## [Collected data]
════════════════
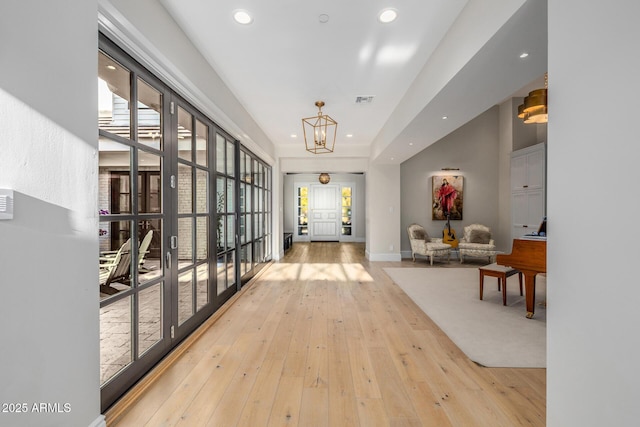 corridor with a chandelier and light hardwood / wood-style floors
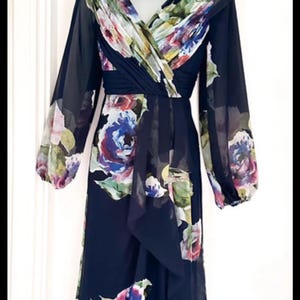 Puede incluir: Vestido azul marino de manga larga con estampado floral en tonos morados, azules y blancos. El vestido presenta un escote en V y una falda fluida. Un fascinador verde oscuro a juego y un collar de perlas completan el conjunto.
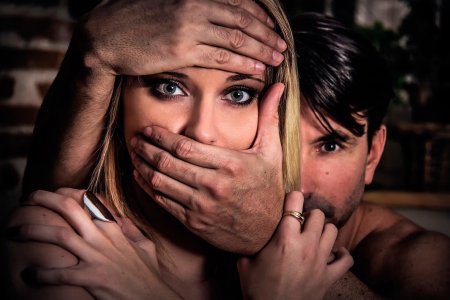 Прикрывает рот рукой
════════════════
## [Work instructions]
Wherever a picture appears, omit it; copy the rest of the data exactly.

## [Final answer]
 corridor with a chandelier and light hardwood / wood-style floors
 Puede incluir: Vestido azul marino de manga larga con estampado floral en tonos morados, azules y blancos. El vestido presenta un escote en V y una falda fluida. Un fascinador verde oscuro a juego y un collar de perlas completan el conjunto.
 Прикрывает рот рукой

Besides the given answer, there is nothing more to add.